Of course, that's DIY. Folks who want to produce a commercial product will use PCB drafting software (that often comes with auto-routing to simplify the process), then send off the graphic file to a PCB fabrication house that will send them back professionally etched, tinned, punched, and legended boards for peanuts. Compare this to the spider-web point-to-point installations of those early EHX boxes like the LPB-1 and Muff Fuzz, or the Dallas Rangemaster.

So, all in all, the boutique market may have existed since the 60's on a very very small scale, for "name" musicians (e.g., Roger Mayer and Pete Cornish pedals), but it has really only turned into somethng that could be viable as a "business" you could run from the desk in your college dorm-room since the mid-90s.


----------



## Adcandour (Apr 21, 2013)

Budda said:


> Theres some websites and books dedicated to guitar effects pedals. Swing by your local book store


I'd maybe look at the coles notes 

But, I'll see if I can dig up a youtube vid on the history of pedals. I saw a short one on the 59 les paul and now consider myself an expert. I'll keep an eye out.


----------



## Adcandour (Apr 21, 2013)

Thanks guys. Real helpful. That price list is histarious.

The last thing I'm unclear about is what has happened lately where companies like EHX are able to come out with crazy pedals like the ravish sitar, B9 and C9, etc. Why didn't they see the possibilities before? Why are loopers like the Boss and Digitech relatively new?

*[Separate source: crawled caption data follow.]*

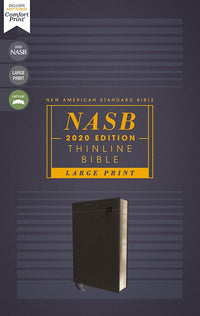 NASB, Thinline Bible, Large Print, Leathersoft, Black, Red Letter, 2020 Text, Thumb Indexed, Comfort Print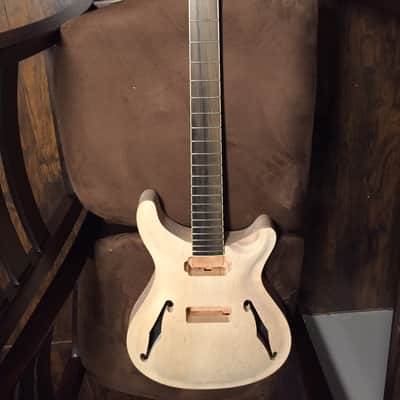 Paul Reed Smith Style Kit Clone/copy Custom 22 Semi Hollow 2016 Maple Top Raw Mahagony Back image 14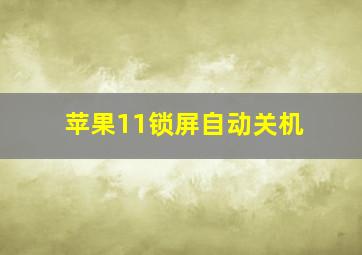 苹果11锁屏自动关机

Was there no market? That's another major thing that irks me. I would have been a much better player had these been out 2 decades ago.


----------



## Chito (Feb 17, 2006)

Two Decades ago, the Boss pedals were the top selling pedals which most people used. As already mentioned by Mark, there was no way for these small boutique makers to compete against the big companies like Roland who makes Boss, Ibanez, Dunlop, etc. The internet helped the small companies in different ways. Which if you look at it, the coming out of the internet around that time coincides with your question about these things not happening 2 decades ago.


----------



## ezcomes (Jul 28, 2008)

adcandour said:


> Thanks guys. Real helpful. That price list is histarious.
> 
> The last thing I'm unclear about is what has happened lately where companies like EHX are able to come out with crazy pedals like the ravish sitar, B9 and C9, etc. Why didn't they see the possibilities before? Why are loopers like the Boss and Digitech relatively new?
> .


its not so much that they didnt see the possibilities before...tech keeps getting smaller and cheaper...to build the same pedal years ago wouldve been the equivilant of placing the tubes on the hood of the delorean to make it work...

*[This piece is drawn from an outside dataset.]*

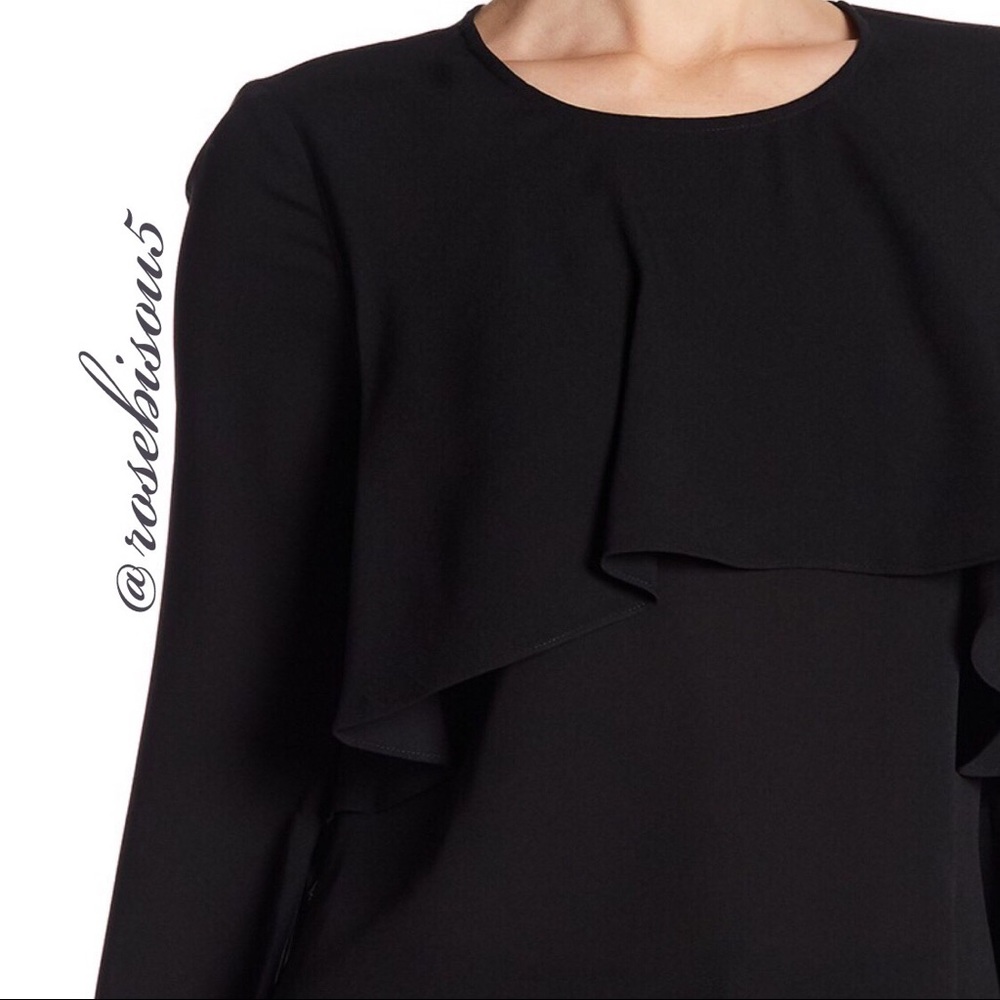 {BADGLEY MISCHKA} Silk Flounce Overlay Blouse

case in point...i just got a DD3...the DD2 was aparantky a great pedal but expensive...the chip they used got revamped to work better and cost a fraction of what it did previously...rather than keep making the DD2 they essentially rebranded it, albiet with a couple changes, the DD3 and sold it at the cheaper cost...all while now making a killing on the DD2 since they didnt lower the price due to cheaper parts

tech evolves so much that what was once just a thought can now be built


----------



## mhammer (Nov 30, 2007)

More and more companies have been migrating to the digital domain, or at least the hybrid zone, including boutique ones. The motivations would seem to be multiple:

1) Digital devices allow for certain functions to be easily and inexpensively implemented that would normally require a much larger and complex circuit to implement in the analog domain.
2) Digital devices allow for certain functions to be implemented that simply could not occur in the analog domain.
3) Digital devices allow for furnishing more functions and features for the same price in a small package.
4) Digital devices are difficult to reverse engineer, making the need for silliness like covering circuits in goop, or sanding off chip numbers, irrelevant.

The move has been largely due to the development of chips/modules that made certain things easily possible. 

For instance, EHX used the Cirrus 4811 for the Holy Grail series, the Spin FV-1 for the Holy Stain (and maybe even others), and the Analog Devices BF531 for the POG and HOG. Line 6 snagged a Motorola DSP chip for their Tonecore series and other modellers. Many budget amp makers have used the FV-1 and the Alesis/Wavefront AL3201 chip for on-board digital FX, and some pedal-makers have probably used it too (the "Femtoverb" DIY project uses it).

At a smaller level, easily 60% of the delay units you see out there, with delay times out to 600msec or so, use the Princeton Technologies PT2399 delay chip, which can provide a full digital delay system for under 50 cents. I get mine here: https://www.dipmicro.com/store/PT2399

Molten Voltage have been providing an innovative series of microcontroller modules for adding digital features like tap-tempo to analog products ( http://smallbear-electronics.mybigcommerce.com/molten-voltage-pedalsync-1/ ). Many boutique manufacturers have been incorporating these modules into their products.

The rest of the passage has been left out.